Lange also took a photography course with Clarence White, a contemporary of Alfred Stieglitz. White was influenced by the Pictorialist style of photography, which cultivated many of the effects of fine painting, but he also encouraged his students to individualize their pictures by developing a unique point of view, and his assignments often involved photographing everyday subjects to truly see them. Lange used this concept later in life, where photographs reveal the extraordinary within the average working American.
Lange settled in San Francisco in 1918. Through friends, she made connections with wealthy business owners and gallery patrons, and was soon able to open her own successful portrait studio. Lange considered her work a trade rather than an art, and primarily sought to satisfy her client's desires. She married Maynard Dixon, a well-known muralist, with whom she had two sons, and her marriage drew her deeper into the California art community, but the Great Depression proved a strain on both her marriage and career. Seeing the effects of financial hardship on the people around her, she grew increasingly dissatisfied with portrait work. She took to the streets of San Francisco - documented and sought new techniques, experimenting with close-up shots and simple compositions that emphasized shape and form, rather than focusing only on the subject.
In 1935, Lange was one of the photographers asked to assist with an economic research study led by Paul Taylor, who later became her second husband. Impressed by her work, Taylor recruited her for the Farm Security Administration (FSA), a division of the U. S. government that represented the interests of American farm workers, including tenant farmers and people of color. During this time, Lange recorded the conditions of workers living in poverty-stricken areas of the West coast, the South and the Midwest, including the camps that resulted from the Dust Bowl migration. The photographs from her tenure with the FSA have become iconic within American history and photography.
Out in the field, Lange developed her signature style of photography. Abandoning wide-angle landscape views, she reverted to practices used in her studio and asked the workers to share their stories. These mature photographs often represent intimate portraits, and the captions relate information gleaned from her conversations.
Within this body of work, four main themes emerged. Primarily, the photographs emphasize the relationship between the land and the people, clearly illustrated by the growing hopelessness of the workers unable to revitalize their sterile environments. A feeling of desertion also runs through her depictions of empty streets, abandoned houses, and fields bare of crops. Among her portraits, Lange often represented the depressed man, left idle and dispirited from lack of work. Conversely, images of the strong female heroic figure are also prevalent in her photographs.

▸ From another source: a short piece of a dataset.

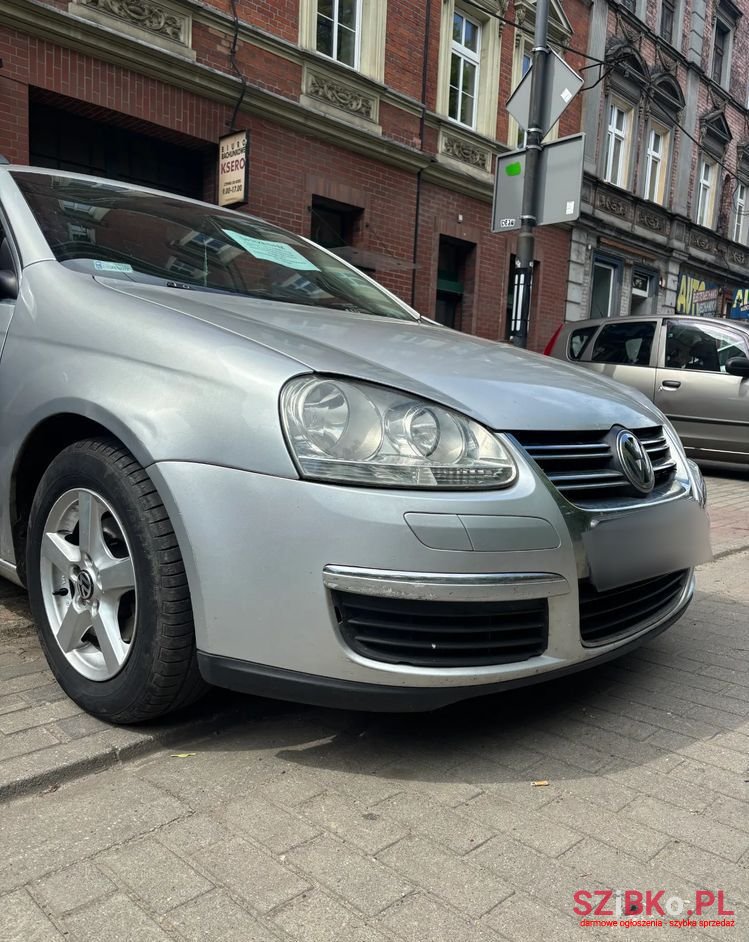 2007' Volkswagen Golf V 1.9 Tdi Trendline photo #1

Lange became the first female photographer to receive a Guggenheim Fellowship in 1940. First postponed due to family obligations, she later requested another deferment when she was asked to document the internment of the Japanese population after the Pearl Harbor attack. The commission came from the government, yet the resulting photographs threatened to be so controversial that they were impounded for the duration of the war and Lange was not able to see them until twenty years later. They create a subtle yet startling picture of the racism practiced by the American government against its own citizens, and many of the photographs are taken in her signature portrait style, lending a sense of dignity to the people who had been forced from their homes. Lange was able to capture the strength and resilience of the Japanese community, which continued to organize cultural activities and published their own newspapers within the camps.

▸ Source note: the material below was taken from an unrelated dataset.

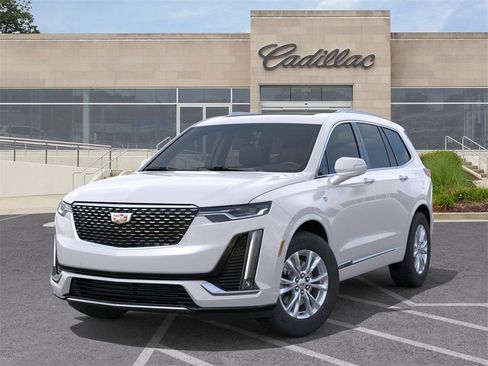 New 2025 Cadillac XT6 Luxury image 6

Disillusioned with the failure of her work to enact true social or political change, Lange withdrew from photography for several years. Multiple ailments, including lingering effects from her bout with polio, also took their toll on her health. She briefly taught a photography course at the California School of Fine Arts, using methods that echoed White, her old teacher. By 1950, however, she had resumed working and agreed to participate in the Family of Man exhibition at the Museum of Modern Art in New York.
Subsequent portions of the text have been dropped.